Russia won't join US coalition against 'IS'
October 1, 2015Russia said Thursday it did not intend to join the US-led coalition fighting the self-styled "Islamic State" in its current form, Russia's foreign minister said Thursday.
"We cannot be part of the coalition which operates without a mandate from the UN Security Council and the permission of the country whose territory it operates," Foreign Minister Sergei Lavrov told reporters Thursday.
The minister's statement comes as Russian military jets carried out a second day of strikes in Syria. US officials and activists on the ground claimed that the targets included rebels backed by the United States as concerns grew about a conflict that has now drawn in airpower from the world's two most powerful militaries.
Indeed, with American and allied airstrikes daily, and now Russian warplanes in the Syrian airspace, the war is taking on a dangerous new dimension.
US Senator John McCain on Thursday said Russia's initial air strikes in Syria targeted a rebel militia backed by Washington.
"I can absolutely confirm to you that they were strikes against our Free Syrian Army recruits that have been armed and trained by the CIA because we have communications with people there," McCain, head of the Senate Armed Services Committee, said in an interview with US broadcaster CNN.
The UK-based Syrian Observatory for Human Rights said Thursday's airstrikes in the central province of Hama hit locations of the CIA-backed rebel group, Tajamu Alezzah, as well as the province of Idlib, which is controlled by a coalition of rebel groups that include al-Qaeda's affiliate in Syria, Jabhat al-Nusra.
Report: Iranian troops massing in Syria
Iran's Foreign Ministry said it fully supports Russian airstrikes against "terrorist groups" in Syria.

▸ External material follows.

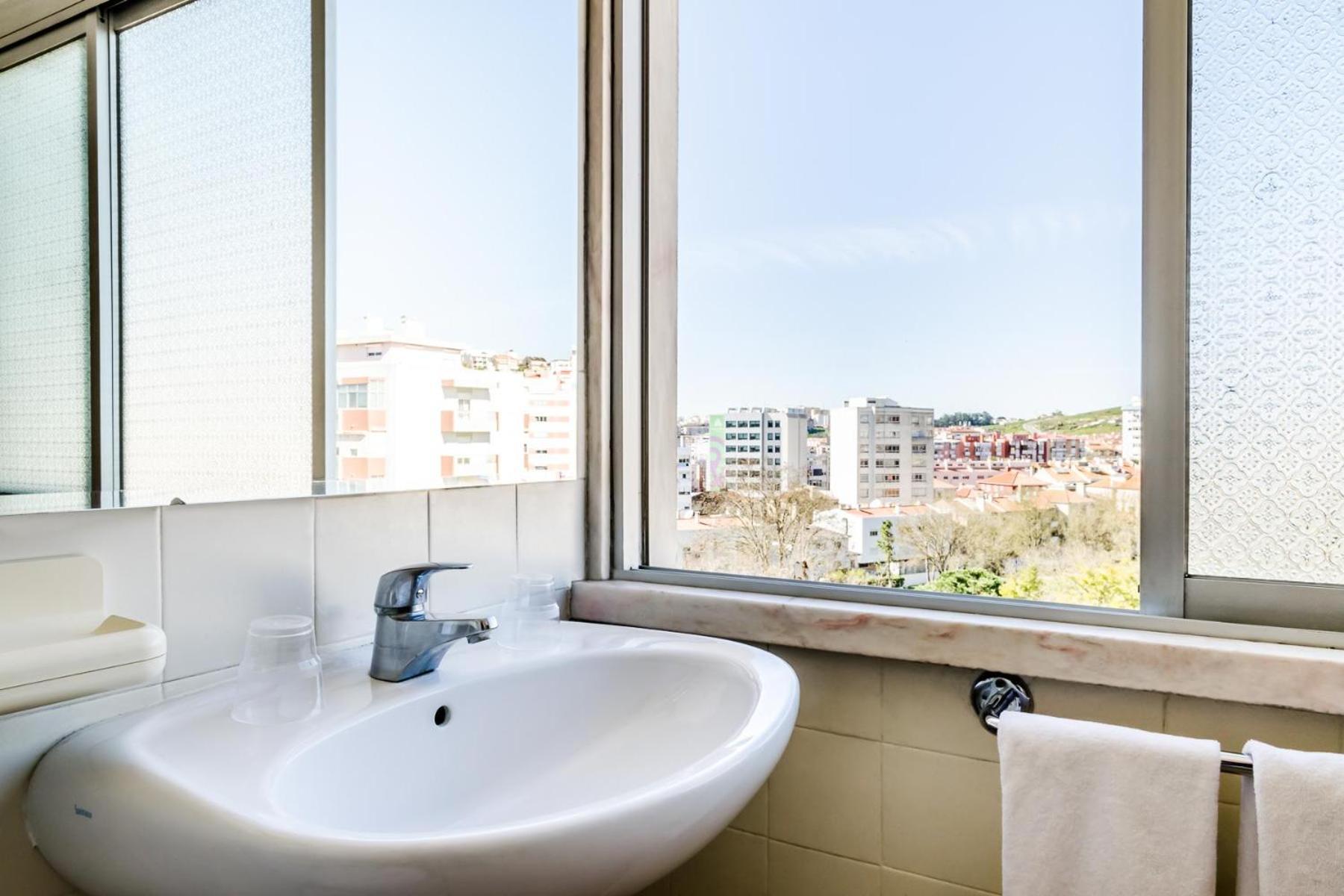 Double or Twin Room Private Bathroom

That statement follows reports by the Reuters news agency that, according to unnamed Lebanese sources, hundreds of Iranian troops will soon join government forces and their Lebanese Hezbollah allies in a major ground offensive backed by Russian air strikes.
"The (Russian) air strikes will in the near future be accompanied by ground advances by the Syrian army and its allies," one of the sources familiar with political and military developments in the conflict told Reuters. "It is possible that the coming land operations will be focused in the Idlib and Hama countryside," the source added.
The two sources said that the Iranian soldiers had arrived in the past 10 days and were planning a campaign to recapture territory lost by President Bashar al-Assad's government to rebel militas.
If confirmed, such a development would mean a military alliance between Russia and Assad's other main allies - Iran and Hezbollah - focused on recapturing areas of northwestern Syria that were seized by insurgents backed by the US and Gulf Arab states and Turkey in what is emerging as a regional proxy war backed by regional and global military powers.
Conflicting signals from Kremlin
Russia has denied inflicting any civilian casualties but has sent mixed signals over who the ultimate target of its ongoing military operations are.
Russian President Vladimir Putin's spokesman, Dmitry Peskov, said Russia was going after Islamic State militants as well as a "list" of other groups.
"These organizations are well known and the targets are chosen in coordination with the armed forces of Syria," he said Thursday, without elaborating.
A day before, however, Sergei Ivanov, Putin's chief of staff, said "the operation's target is solely air support for the Syrian government forces in their fight against ISIS."
Defense Minister Igor Konashenkov said Russian aircraft damaged or destroyed 12 targets in Syria belonging to the Islamic State group including a command center and two ammunition dumps.
Konashenkov said Russian Su-25M and Su-25 jets flew 20 sorties between Wednesday and Thursday morning.
Meanwhile in Paris, Russian Ambassador Alexander Orlov insisted that Russian warplanes in Syria were hitting at the same extremists targeted by the US and denied American claims that its military failed to coordinate the airstrikes.
Orlov said the targets were installations for IS and Jabhat al-Nusra, "two terrorist organizations recognized as such."
Washington and Moscow have agreed on the need to fight IS but not about the legitimacy of Syrian President Bashar al-Assad.
The Syrian civil war, which grew out of an uprising against Assad, has killed more than 250,000 people since March 2011 and sent millions of refugees fleeing to other countries in the Middle East and Europe.